One factor in the World Happiness Score is generosity. I had trouble to understand what this actually means and how it enters into the score.
These were my specific questions:
Does "generosity" mean that the individuals feel or are generous themselves (which feels good)?
Does it mean that the individuals experience generosity by their fellow citizens (which would affect happiness in a different way)?
Does it mean that the individuals experience generosity by their government or employer or other superior party?
Does it mean all of this together, giving a cumulated number of some kind?
Why is generosity preferred to other similar factors like fairness or solidarity?
At Politics (Beta) I got this answer:
According to https://worldhappiness.report/ed/2019/changing-world-happiness/
Generosity is the residual of regressing the national average of GWP responses to the question “Have you donated money to a charity in the past month?” on GDP per capita.

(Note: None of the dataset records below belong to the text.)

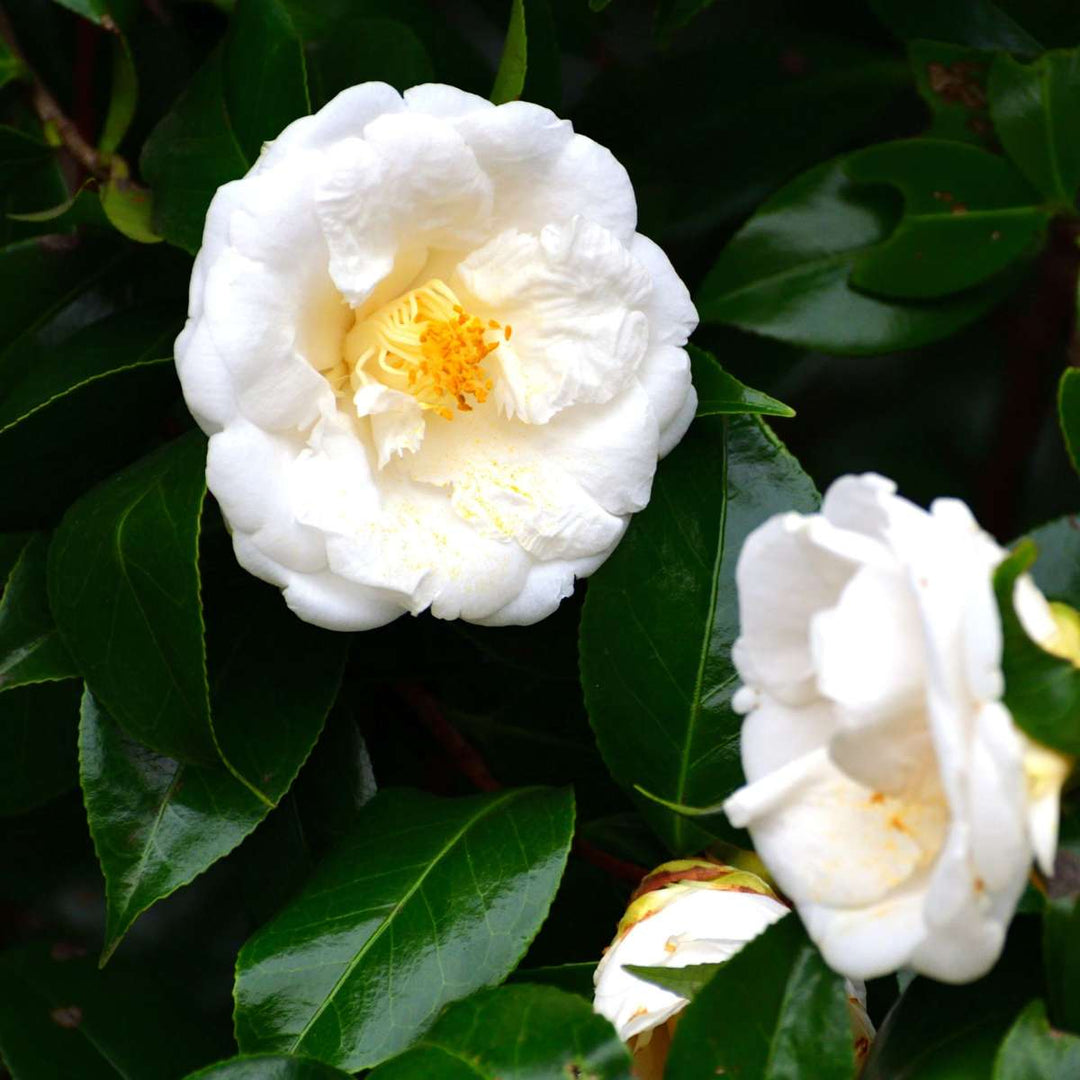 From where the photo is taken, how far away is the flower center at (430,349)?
0.80 metres

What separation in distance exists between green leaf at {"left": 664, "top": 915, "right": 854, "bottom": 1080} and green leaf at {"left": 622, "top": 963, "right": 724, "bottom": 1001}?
0.07 feet

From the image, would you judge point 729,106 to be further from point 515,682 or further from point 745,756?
point 745,756

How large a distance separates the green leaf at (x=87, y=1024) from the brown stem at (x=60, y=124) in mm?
509

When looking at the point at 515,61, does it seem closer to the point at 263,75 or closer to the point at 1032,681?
the point at 263,75

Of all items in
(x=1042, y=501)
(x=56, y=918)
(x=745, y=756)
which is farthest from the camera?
(x=1042, y=501)

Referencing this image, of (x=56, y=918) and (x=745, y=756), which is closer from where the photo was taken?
(x=745, y=756)

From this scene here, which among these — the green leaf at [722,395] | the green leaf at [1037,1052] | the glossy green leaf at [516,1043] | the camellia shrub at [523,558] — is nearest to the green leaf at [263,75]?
the camellia shrub at [523,558]

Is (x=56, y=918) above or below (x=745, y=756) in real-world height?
below

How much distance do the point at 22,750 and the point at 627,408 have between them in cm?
44

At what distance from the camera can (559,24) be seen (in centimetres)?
110

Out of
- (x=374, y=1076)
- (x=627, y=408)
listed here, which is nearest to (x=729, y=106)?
(x=627, y=408)

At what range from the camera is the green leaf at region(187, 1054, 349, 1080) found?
0.68 metres

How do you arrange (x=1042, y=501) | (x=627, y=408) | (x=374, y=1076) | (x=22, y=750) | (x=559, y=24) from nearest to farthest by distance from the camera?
(x=374, y=1076)
(x=627, y=408)
(x=22, y=750)
(x=559, y=24)
(x=1042, y=501)

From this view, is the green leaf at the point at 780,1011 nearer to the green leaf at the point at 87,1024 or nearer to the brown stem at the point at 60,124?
the green leaf at the point at 87,1024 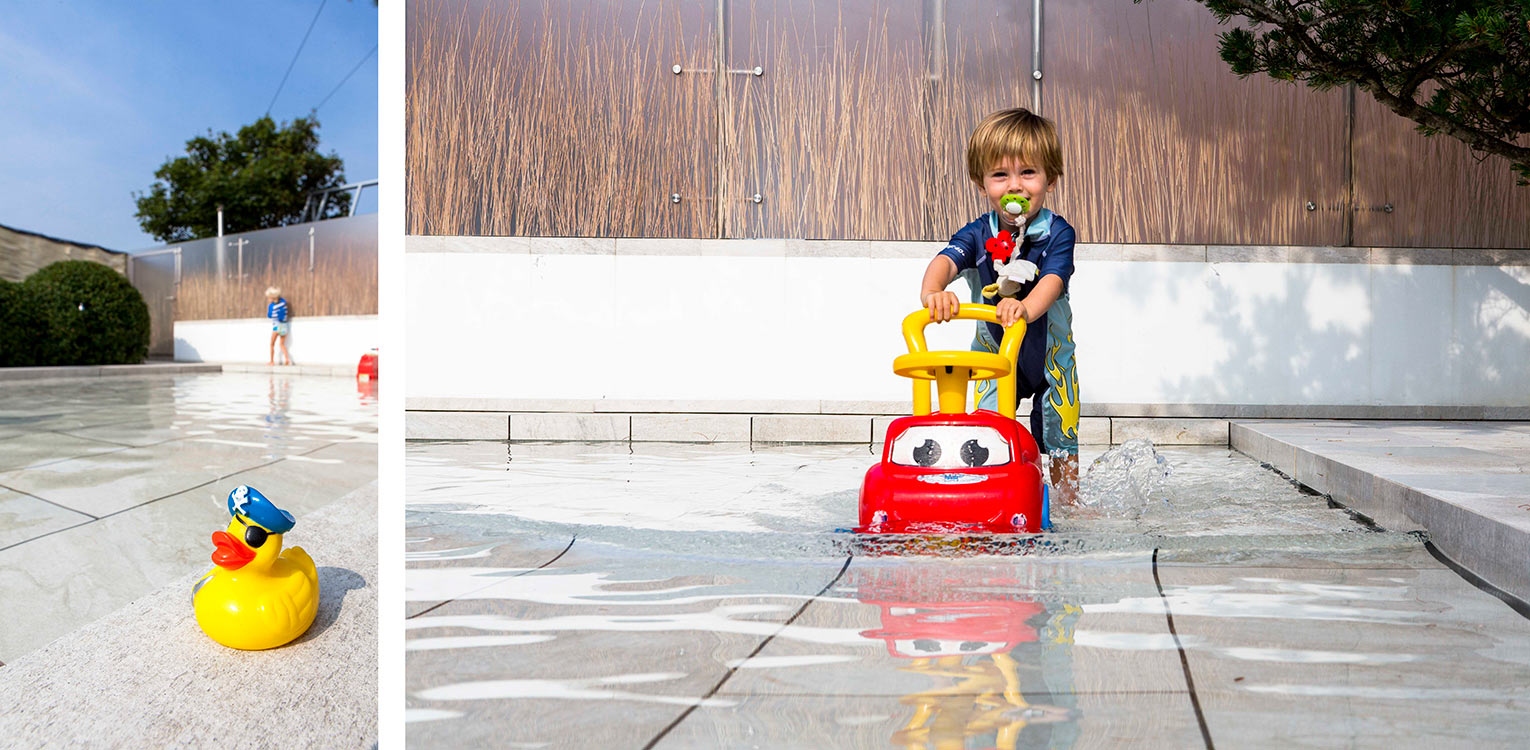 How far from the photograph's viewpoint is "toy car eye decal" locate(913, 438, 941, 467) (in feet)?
9.03

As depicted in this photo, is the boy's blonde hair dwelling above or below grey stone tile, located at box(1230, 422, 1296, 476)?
above

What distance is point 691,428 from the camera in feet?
19.5

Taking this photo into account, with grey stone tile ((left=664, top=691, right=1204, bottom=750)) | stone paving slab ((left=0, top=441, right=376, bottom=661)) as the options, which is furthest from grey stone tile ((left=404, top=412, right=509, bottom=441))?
grey stone tile ((left=664, top=691, right=1204, bottom=750))

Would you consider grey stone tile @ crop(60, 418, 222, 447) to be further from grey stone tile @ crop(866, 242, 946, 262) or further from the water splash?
the water splash

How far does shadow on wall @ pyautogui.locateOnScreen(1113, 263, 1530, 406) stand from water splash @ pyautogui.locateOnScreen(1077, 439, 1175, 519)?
5.72ft

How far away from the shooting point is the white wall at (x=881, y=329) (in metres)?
5.97

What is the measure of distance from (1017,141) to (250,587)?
2594 mm

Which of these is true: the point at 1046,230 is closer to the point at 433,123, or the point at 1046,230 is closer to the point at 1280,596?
the point at 1280,596

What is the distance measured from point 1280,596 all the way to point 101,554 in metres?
3.38

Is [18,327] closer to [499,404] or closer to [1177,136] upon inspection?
[499,404]

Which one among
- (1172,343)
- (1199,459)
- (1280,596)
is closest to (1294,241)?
(1172,343)

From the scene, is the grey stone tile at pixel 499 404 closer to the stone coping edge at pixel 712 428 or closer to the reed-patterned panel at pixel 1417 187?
the stone coping edge at pixel 712 428

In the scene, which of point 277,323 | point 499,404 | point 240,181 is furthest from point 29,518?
point 240,181

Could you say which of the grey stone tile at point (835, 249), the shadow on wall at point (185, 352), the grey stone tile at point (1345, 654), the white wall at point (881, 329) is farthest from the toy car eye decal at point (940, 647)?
the shadow on wall at point (185, 352) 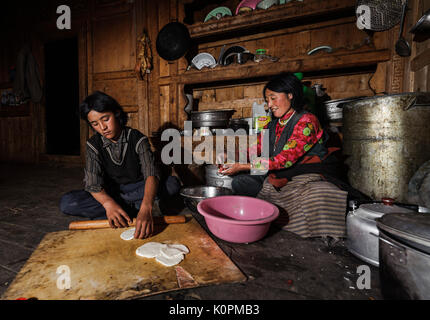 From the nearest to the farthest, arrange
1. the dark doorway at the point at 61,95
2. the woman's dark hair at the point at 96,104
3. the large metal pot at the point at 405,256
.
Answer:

But for several reasons, this question - even with regression to GDP per capita - doesn't give a good measure for generosity, I believe:
Many people (in the Western world) donate money mainly around Christmas.
The amount of money they donate can hardly be considered really "generous".
Many people in poorer regions of the world don't have enough money to give some of it away (but possibly other things).
So my questions are:
Why did "generosity" enter into the World Happiness Score nevertheless, and in the way it does? And why so prominently, on an equal footing with social support, healthy life expectancy, freedom to make life choices, and - also quite surprisingly - perceptions of corruption?
Why is especially "generosity" believed to help quantifying "happiness"?
(Of course it's easy to believe that someone who is generous and experiences generosity is happier than someone who is greedy and experiences greed. But the same holds for fairness, solidarity, etc.)